E non consideriamo i mezzi che, a causa di un blocco, si incolonnano o i casi che non vengono certificati. La situazione, dunque, è ben peggiore.

📌 Oltre ai passeggeri a bordo vi sono inoltre gli utenti in attesa alla fermata che non vedono arrivare il mezzo e, legittimamente, si arrabbiano. 
Spesso senza pensare che la causa di quel ritardo è un’automobile parcheggiata male. 
Situazione ancora peggiore se si pensa a disabili o anziani che devono raggiungere il bus che, in questi casi, non può accostarsi alla fermata.

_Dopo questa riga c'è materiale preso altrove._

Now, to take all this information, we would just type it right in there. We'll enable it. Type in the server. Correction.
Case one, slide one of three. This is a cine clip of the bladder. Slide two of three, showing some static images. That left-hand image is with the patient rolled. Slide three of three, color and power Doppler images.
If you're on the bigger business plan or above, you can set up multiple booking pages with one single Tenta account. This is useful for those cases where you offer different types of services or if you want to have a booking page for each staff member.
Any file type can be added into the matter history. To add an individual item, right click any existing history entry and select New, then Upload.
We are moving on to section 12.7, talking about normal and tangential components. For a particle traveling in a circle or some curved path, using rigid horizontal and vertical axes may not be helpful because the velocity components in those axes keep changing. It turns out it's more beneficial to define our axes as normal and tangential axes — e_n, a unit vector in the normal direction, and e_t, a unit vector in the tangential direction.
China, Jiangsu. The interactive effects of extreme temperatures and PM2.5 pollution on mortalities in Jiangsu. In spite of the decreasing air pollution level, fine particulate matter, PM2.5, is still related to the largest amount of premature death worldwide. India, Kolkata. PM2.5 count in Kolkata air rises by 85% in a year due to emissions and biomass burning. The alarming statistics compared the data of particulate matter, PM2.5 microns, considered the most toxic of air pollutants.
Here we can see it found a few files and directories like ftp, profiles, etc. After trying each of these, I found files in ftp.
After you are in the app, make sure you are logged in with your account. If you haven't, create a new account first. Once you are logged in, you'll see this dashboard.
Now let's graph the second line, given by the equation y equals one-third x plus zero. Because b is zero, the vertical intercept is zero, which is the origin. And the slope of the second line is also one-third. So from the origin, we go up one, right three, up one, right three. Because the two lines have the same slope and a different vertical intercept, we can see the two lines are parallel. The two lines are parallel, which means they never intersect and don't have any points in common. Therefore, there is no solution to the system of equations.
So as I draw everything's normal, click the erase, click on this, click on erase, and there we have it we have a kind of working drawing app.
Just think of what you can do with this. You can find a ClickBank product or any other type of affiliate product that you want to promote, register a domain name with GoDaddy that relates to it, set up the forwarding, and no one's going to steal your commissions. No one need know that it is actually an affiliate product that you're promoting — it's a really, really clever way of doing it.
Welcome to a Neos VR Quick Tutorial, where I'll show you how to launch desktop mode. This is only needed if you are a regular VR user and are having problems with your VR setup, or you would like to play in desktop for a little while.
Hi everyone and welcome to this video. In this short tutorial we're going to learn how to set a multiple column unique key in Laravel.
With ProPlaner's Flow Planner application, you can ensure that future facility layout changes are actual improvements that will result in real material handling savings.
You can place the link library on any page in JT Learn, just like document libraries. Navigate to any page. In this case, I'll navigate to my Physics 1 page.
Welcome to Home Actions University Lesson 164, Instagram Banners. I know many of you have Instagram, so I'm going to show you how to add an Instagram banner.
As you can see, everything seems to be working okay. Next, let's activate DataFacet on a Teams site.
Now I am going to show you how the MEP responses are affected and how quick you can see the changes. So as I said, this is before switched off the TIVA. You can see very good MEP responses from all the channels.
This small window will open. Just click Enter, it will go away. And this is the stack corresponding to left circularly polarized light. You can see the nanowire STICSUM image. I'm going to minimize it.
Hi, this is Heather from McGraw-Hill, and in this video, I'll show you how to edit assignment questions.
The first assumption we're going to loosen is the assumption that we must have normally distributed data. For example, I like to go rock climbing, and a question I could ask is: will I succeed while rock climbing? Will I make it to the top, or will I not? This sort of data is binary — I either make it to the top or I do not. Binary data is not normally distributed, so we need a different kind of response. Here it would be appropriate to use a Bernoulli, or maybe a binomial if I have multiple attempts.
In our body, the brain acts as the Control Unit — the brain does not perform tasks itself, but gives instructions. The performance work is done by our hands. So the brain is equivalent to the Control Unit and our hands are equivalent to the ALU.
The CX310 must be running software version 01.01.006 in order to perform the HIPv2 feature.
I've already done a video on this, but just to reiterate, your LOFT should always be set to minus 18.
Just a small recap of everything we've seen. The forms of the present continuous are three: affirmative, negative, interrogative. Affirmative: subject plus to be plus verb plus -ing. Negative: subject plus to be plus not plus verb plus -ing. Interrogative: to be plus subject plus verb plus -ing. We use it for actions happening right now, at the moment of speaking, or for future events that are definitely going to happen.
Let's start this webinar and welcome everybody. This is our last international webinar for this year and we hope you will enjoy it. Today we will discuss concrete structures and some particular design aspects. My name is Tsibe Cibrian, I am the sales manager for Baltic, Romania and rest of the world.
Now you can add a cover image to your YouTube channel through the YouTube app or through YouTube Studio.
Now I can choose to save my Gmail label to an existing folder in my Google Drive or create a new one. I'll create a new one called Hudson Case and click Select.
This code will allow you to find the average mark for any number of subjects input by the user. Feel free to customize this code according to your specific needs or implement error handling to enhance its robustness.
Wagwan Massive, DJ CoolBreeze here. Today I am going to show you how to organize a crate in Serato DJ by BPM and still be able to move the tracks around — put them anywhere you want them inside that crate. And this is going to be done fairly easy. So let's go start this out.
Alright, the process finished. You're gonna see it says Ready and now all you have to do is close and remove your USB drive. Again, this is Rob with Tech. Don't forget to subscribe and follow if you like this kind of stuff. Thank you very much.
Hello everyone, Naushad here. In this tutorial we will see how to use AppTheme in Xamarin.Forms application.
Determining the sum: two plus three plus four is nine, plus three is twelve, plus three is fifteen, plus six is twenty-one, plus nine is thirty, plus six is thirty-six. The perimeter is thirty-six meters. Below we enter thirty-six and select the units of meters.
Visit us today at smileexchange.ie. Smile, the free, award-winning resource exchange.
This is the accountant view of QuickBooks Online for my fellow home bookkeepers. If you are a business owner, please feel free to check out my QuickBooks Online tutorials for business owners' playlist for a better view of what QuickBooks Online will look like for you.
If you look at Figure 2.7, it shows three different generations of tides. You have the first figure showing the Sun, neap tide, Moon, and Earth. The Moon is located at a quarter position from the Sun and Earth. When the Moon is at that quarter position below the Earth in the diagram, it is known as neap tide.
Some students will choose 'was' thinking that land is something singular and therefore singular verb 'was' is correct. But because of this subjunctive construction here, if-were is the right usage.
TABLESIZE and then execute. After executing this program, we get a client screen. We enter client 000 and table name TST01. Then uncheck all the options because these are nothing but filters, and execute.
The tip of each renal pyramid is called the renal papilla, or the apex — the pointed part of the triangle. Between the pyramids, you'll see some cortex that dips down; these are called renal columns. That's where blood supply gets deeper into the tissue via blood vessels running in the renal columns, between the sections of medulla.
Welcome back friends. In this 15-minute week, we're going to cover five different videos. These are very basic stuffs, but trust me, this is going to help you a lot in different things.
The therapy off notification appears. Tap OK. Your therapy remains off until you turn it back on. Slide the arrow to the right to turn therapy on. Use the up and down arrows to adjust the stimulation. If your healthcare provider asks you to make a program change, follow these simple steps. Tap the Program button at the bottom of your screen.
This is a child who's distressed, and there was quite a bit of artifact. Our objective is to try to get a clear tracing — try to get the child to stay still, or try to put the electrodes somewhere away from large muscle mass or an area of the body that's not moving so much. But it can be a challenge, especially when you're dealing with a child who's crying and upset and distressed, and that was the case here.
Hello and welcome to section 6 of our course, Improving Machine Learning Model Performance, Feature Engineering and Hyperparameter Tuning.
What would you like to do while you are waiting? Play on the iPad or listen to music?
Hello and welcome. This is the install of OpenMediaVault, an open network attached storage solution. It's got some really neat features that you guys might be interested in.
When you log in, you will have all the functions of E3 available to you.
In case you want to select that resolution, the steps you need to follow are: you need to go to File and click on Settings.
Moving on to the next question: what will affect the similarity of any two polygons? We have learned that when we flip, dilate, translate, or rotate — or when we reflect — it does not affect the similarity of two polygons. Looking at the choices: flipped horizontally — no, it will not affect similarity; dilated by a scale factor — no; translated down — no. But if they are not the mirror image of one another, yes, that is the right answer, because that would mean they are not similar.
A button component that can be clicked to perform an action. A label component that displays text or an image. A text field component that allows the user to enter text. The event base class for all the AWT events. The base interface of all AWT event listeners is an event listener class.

Auto in malasosta a Torino

🚨 In tali situazioni il conducente del mezzo viene multato, per una cifra che varia anche in base al danno arrecato, ai tempi di interruzione di pubblico servizio e del numero di mezzi bloccati. 
Se l’auto non viene spostata tempestivamente si provvede alla rimozione forzata da parte della Polizia Municipale, che comminerà un’altra sanzione. 
In caso di palese dolo poi il verbale può essere trasmesso alla Procura della Repubblica. 
Queste sono le procedure standard che vengono portate avanti. 
Anche un po’ per rispondere a chi ritiene che tali fenomeni restino sempre impuniti.

Nei prossimi giorni GTT avvierà un’ulteriore campagna di sensibilizzazione su questo problema.

👉🏼 A cosa serve? A sgretolare quanto più possibile il pensiero ancora troppo diffuso che parcheggiare male sia “normale”, che tutto sommato “sono solo due minuti”, che “torno subito”, che “lo fanno tutti”, che “non c’era posto”, e via dicendo.

❌ Se parcheggi male stai facendo un danno a tutta la Città
E questo va anche a tutela dei tanti automobilisti che rispettano le regole e, soprattutto, rispettano il prossimo. Magari parcheggiando 200 metri più avanti rispetto alla loro destinazione se non trovano il parcheggio esattamente davanti.

Come descritto in questo articolo, la Città provvederà a prendere ulteriori iniziative sulla segnaletica e sulla viabilità per arginare questo malcostume.

✅ Controlli e metodi di dissuasione continueranno ad essere adottati, tuttavia il vero cambiamento lo vedremo quando si diffonderà una cultura del rispetto del prossimo e dei beni pubblici.